The new boss will be getting his (or her) bearings, sitting in many meetings and generally soaking up a lot of information. Fight the urge to add to his plate. With so many things fighting for his attention, it may seem like we should do whatever we can to rise above the fray, but that will not help.

Instead, let your actions speak for themselves. Follow whatever guidelines he has in place to schedule a meeting, show up with whatever he asked for and stick to the allotted time. Come prepared to talk about contributions, but only when asked.

Before the meeting, it will also help to consider the situation into which the new boss is walking. What would you want to know if you were him? What would help with the transition?

Again, fight the urge to bring the solutions to every anticipated problem. Instead, bring questions. Ask for actions, documents, solutions or perspectives he may want before providing them.

What not to do

Interviewing for a must-have job after being unemployed for a long time can increase the pressure to perform. Employees often bring that same intensity to the first meeting with the boss. Yet, just like in an important interview, it is critical not to overdo it. Find a balance.

For example, be prepared to provide examples of success when asked but do not provide a history of everything that is wrong and how you would fix it.
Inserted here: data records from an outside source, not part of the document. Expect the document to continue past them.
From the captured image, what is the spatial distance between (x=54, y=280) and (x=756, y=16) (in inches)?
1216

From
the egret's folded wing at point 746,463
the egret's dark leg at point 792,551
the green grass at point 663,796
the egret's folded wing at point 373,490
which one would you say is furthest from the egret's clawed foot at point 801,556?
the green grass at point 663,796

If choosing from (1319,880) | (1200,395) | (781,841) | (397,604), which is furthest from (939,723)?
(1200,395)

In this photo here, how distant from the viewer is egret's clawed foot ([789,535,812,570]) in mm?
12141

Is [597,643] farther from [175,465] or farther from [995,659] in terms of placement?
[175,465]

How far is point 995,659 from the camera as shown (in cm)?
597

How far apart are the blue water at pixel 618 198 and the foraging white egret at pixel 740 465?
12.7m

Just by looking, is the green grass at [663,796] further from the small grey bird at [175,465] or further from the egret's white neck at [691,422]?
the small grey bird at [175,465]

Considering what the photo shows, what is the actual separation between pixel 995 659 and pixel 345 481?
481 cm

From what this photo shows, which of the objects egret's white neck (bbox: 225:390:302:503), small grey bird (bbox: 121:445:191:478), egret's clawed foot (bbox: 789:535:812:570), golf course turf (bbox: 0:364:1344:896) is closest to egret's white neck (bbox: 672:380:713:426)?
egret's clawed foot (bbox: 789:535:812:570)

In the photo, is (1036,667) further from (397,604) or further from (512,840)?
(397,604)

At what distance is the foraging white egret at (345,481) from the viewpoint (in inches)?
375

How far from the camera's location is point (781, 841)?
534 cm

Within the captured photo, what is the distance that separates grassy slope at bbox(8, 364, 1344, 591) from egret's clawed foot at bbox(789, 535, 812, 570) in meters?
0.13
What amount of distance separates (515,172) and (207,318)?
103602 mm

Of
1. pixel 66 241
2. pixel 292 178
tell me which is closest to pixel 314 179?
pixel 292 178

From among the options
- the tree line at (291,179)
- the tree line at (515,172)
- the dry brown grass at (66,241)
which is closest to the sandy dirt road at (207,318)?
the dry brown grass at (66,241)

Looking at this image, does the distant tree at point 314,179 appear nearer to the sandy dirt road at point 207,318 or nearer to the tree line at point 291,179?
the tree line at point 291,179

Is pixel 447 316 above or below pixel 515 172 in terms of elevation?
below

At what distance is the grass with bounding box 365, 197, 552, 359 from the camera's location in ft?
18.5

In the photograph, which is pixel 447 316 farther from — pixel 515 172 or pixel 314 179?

Arrive ready to encourage and support, not to suck up with actions you have already taken on his behalf.

Take the time to research him on LinkedIn and find common ground. Don't schmooze, drop names or kiss up. And while it is great to be prepared to talk about anything, do not try to accomplish it all in the first meeting.

Instead, give him some space. Listen to what is on the forefront of his mind and respond accordingly. This is just the beginning of the relationship; enthusiasm is good but being overzealous will lead to burnout.
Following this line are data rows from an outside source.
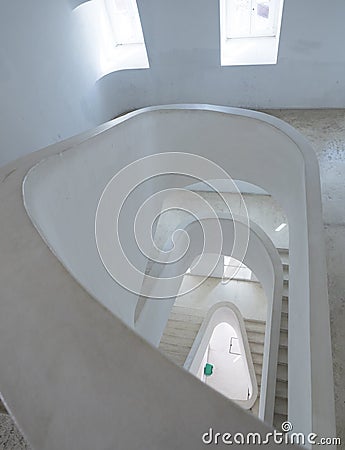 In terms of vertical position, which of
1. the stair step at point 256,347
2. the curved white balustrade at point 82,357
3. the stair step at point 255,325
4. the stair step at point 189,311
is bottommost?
the stair step at point 256,347

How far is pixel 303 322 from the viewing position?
6.31ft

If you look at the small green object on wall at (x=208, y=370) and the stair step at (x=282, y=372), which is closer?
the stair step at (x=282, y=372)

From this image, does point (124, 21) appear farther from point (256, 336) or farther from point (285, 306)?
point (256, 336)

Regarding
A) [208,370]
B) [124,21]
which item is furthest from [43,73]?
[208,370]

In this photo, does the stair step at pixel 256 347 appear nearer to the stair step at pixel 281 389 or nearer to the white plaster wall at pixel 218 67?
the stair step at pixel 281 389

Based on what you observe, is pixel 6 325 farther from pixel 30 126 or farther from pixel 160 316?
pixel 160 316

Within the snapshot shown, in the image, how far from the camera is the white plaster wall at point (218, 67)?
439 cm

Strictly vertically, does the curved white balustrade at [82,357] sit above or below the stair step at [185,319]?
above

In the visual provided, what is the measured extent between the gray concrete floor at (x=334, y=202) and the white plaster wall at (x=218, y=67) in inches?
11.4

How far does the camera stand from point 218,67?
16.8ft

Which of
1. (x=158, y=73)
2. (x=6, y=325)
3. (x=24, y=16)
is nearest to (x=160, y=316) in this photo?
(x=158, y=73) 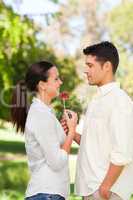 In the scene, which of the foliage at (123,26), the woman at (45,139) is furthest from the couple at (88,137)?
the foliage at (123,26)

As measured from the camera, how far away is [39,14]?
11.9 metres

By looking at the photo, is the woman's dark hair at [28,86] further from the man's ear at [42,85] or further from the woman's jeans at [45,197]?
the woman's jeans at [45,197]

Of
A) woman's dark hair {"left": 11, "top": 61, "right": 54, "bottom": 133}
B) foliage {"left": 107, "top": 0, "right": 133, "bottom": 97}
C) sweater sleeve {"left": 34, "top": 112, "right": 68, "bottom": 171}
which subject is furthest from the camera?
foliage {"left": 107, "top": 0, "right": 133, "bottom": 97}

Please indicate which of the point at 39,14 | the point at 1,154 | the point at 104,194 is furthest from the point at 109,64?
the point at 1,154

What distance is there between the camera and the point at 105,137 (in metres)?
3.57

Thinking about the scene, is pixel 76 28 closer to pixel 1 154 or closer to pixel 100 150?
pixel 1 154

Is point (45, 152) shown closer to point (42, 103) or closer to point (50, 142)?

Finally, and most importantly, find a way to be honest. This may sound easy, yet it can be challenging to provide candid feedback without an agenda.

If the new boss is already a known entity from in-house, try to find a way to present information diplomatically and without assumption. If he is from another organization, craft answers that provide fact-based information along with informed perspective. It is not necessary to give wavering, politician-type nonanswers; it is important to remain tactful and genuine.

The bottom line is meeting the new boss can be fraught with challenges. The good news is he usually is clear about what he wants to hear and does not, when he wants to hear it, how long he has and what would be helpful for his transition.

Like any interview, listen to what he is asking for and give it to him in your own unique way.